DATASET EXCERPT below:

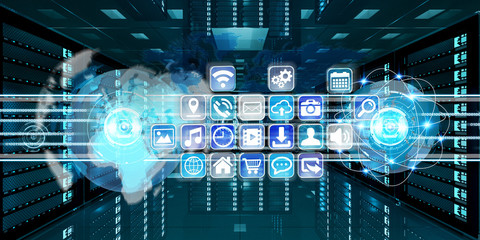 Graph holograms flying over server room data center 3D rendering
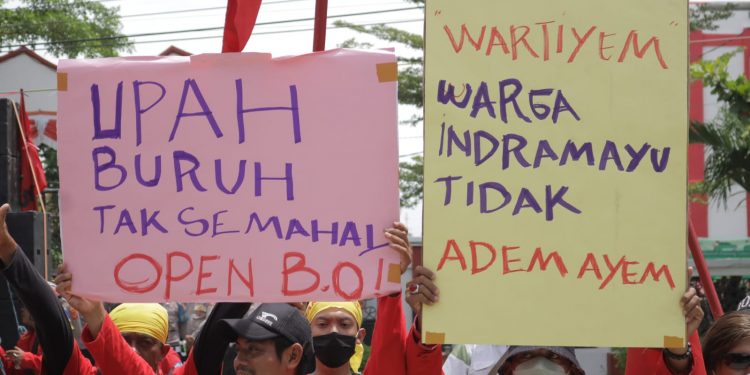 Tolak Penetapan UMK 2022, Aliansi Buruh Indramayu Ancam Mogok Massal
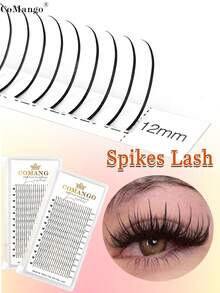 CoMango 240Fans 0.07mm Mi nối mềm dạng chùm, gai mảnh dễ ghép, tiết kiệm thời gian, hình dạng A/M, kiểu cong C/D, dùng cho tiệm nối mi, cụm mi, cụm mi, lông mi riêng lẻ, lông mi, lông mi giả - Nhiều màu - Xem 1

End of DATASET EXCERPT.

TASK TO CARRY OUT: An exact copy of the listing is required, excluding any pictures.

TASK RESPONSE:
 Graph holograms flying over server room data center 3D rendering
 Tolak Penetapan UMK 2022, Aliansi Buruh Indramayu Ancam Mogok Massal
 CoMango 240Fans 0.07mm Mi nối mềm dạng chùm, gai mảnh dễ ghép, tiết kiệm thời gian, hình dạng A/M, kiểu cong C/D, dùng cho tiệm nối mi, cụm mi, cụm mi, lông mi riêng lẻ, lông mi, lông mi giả - Nhiều màu - Xem 1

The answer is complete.